Читаем Избранное полностью

В припадке ярости, сжимая горло руками, я вскочил с постели и бросился к оконной решетке.

Ветер освежил мою больную голову.

Я посмотрел на желтый, спокойный Арно, бесшумно скользящий под арками каменных мостов, и голова у меня закружилась; мне почудилось, что дворцы Пизы закачались. Земля уходила у меня из-под ног, я упал на руки старика доктора, только успев спросить:

— А хоть красиво ли то место, где она покоится?

Две недели я без движения лежал в постели, я был в каком-то забытьи, бредил, просил воды днем и ночью, ничего не понимая, ничего не чувствуя; мне казалось, что я мчусь в какой-то огромной пролетке, что я подымаюсь на пизанскую падающую башню, несусь над широкой рекой, что кто-то тянет меня на проволоке все выше и выше и я плыву по воздуху над всем миром.

Когда я поднялся с постели, я был похож на привидение. Мир представлялся мне каким-то чудом, на которое я смотрел со стороны.

Я словно погружался в бездну. Глубокое, беспредельное спокойствие овладело мной.

Как-то тихо прохаживаясь по комнате, я остановился у окна. По Лугарно проходил полк берсальеров, впереди шел оркестр. Солдаты походили на оловянные игрушки, красивый марш напоминал мне игру ребенка на гребешке, обернутом в папиросную бумагу.

Я бросил взгляд на баптистерий.
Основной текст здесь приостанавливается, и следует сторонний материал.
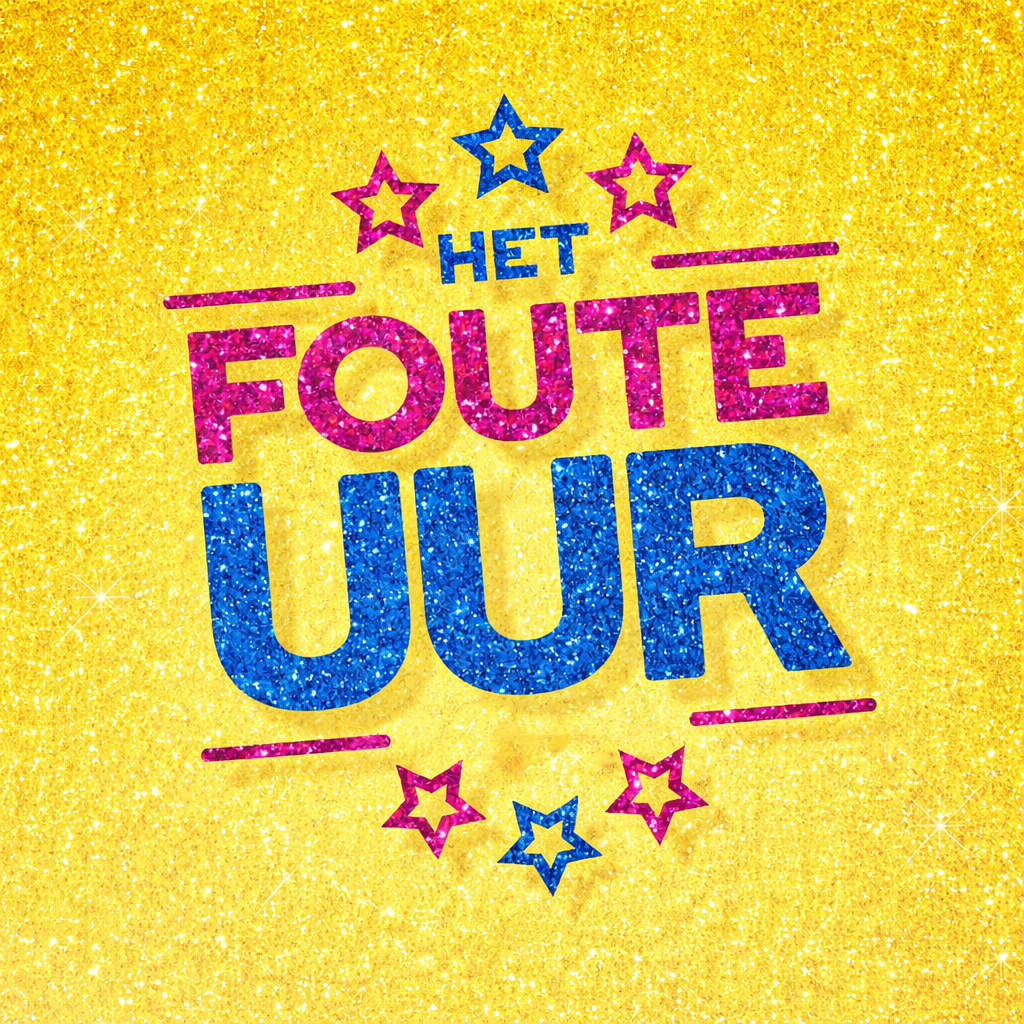 FOUTE UUR BED 1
Величавый баптистерий пизанского собора походил на рюмку, перевернутую вверх дном.

В соседней комнате послышался пронзительный крик.

— Кто это там плачет? — спросил я.

Служанка, низкорослая, толстая итальянка, ответила мне:

— Ваша дочь.

— Моя дочь? Какая дочь?.. Ах, да!.. хорошо… пусть плачет.

— Вы хотите ее видеть?

— Нет, нет, не хочу!..

— Если бы вы знали, какая она красивая и нежная!

— Красивая? Нежная? Ну и что же!..

— И она так похожа на госпожу! Так похожа!

— Похожа на госпожу?.. Хорошо… пусть…

Мною овладело глубокое спокойствие. Кто-то другой, неведомый мне, человек прошлого, испытывал жалость, пытался заплакать, потрясенный словами служанки: «И она так похожа на госпожу!»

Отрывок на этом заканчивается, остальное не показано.